> Exercise details
No pictures go into the output, which should consist only of the lines from the first line of the data through the line with "Living Room (JYL1000B)", copied exactly.

(Short text fragments from websites)
........

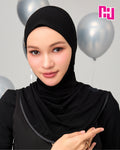 NUH CLASSIC (BLACK) - Classic ready-made hijab in black.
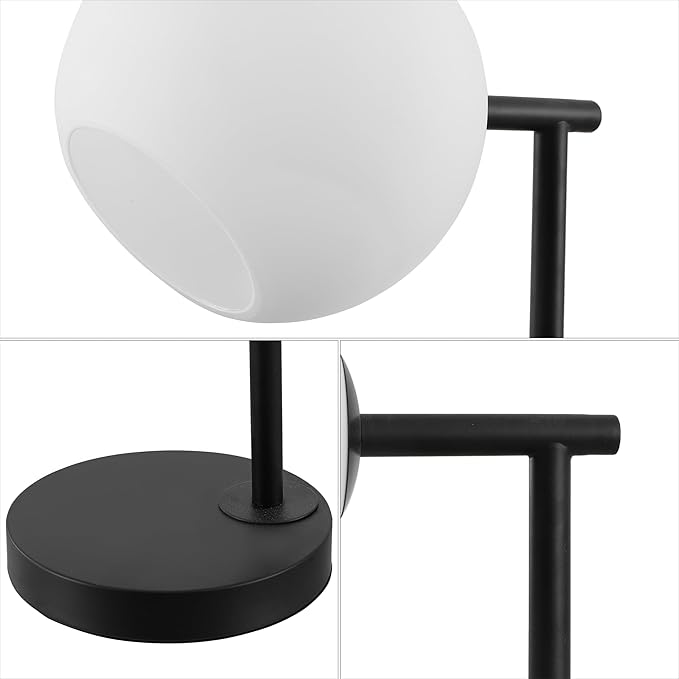JONATHAN Y 20.5" Black Modern Metal Marble LED Bedside Table Lamp for Bedroom, Frosted Glass Globe Shade, Minimalist Scandinavian Lamp for Living Room (JYL1000B)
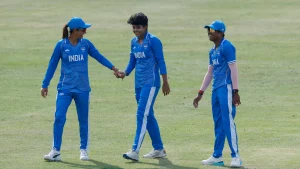 Charani (4/10) and Shafali (2/13) shared six wickets among them as India bowled out Japan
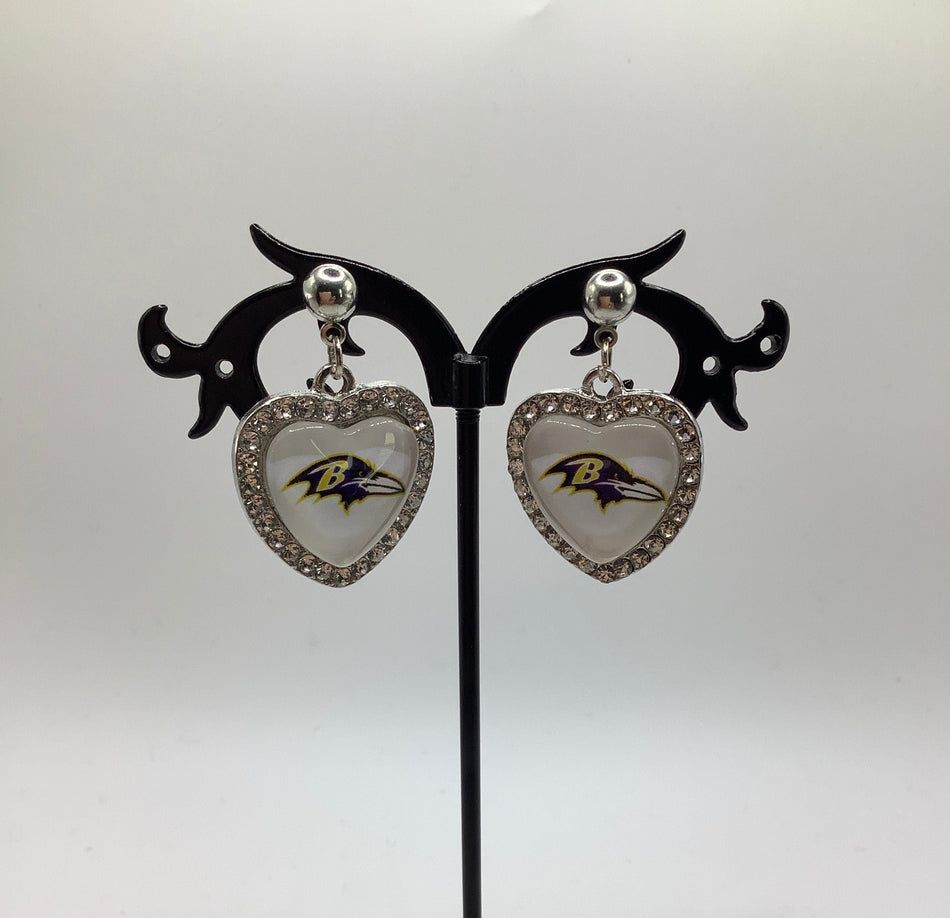 Baltimore Ravens heart earrings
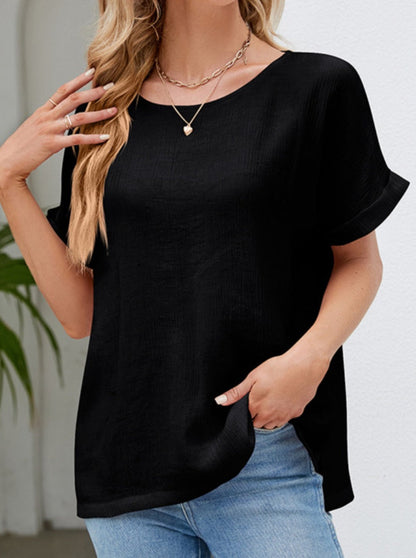 Textured Cuff Sleeve Tee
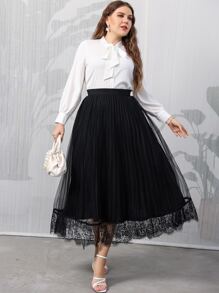 Modelyn Plus Eyelash Lace Panel Pleated Mesh Skirt - Black - View 1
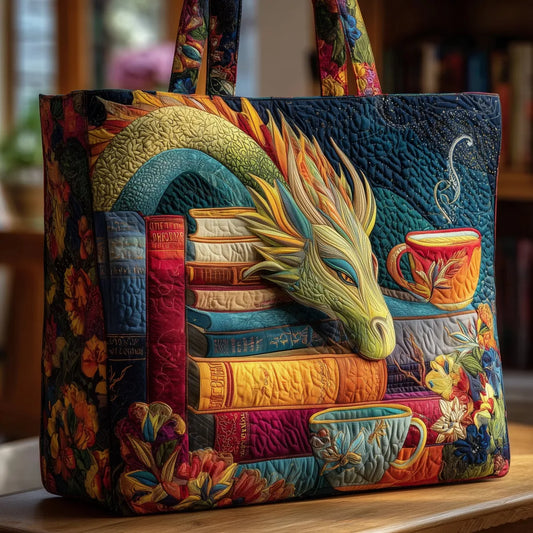 Sac Tote Matelassé – Dragon, Livres et Tasses à Thé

........

> Task result
 NUH CLASSIC (BLACK) - Classic ready-made hijab in black.
JONATHAN Y 20.5" Black Modern Metal Marble LED Bedside Table Lamp for Bedroom, Frosted Glass Globe Shade, Minimalist Scandinavian Lamp for Living Room (JYL1000B)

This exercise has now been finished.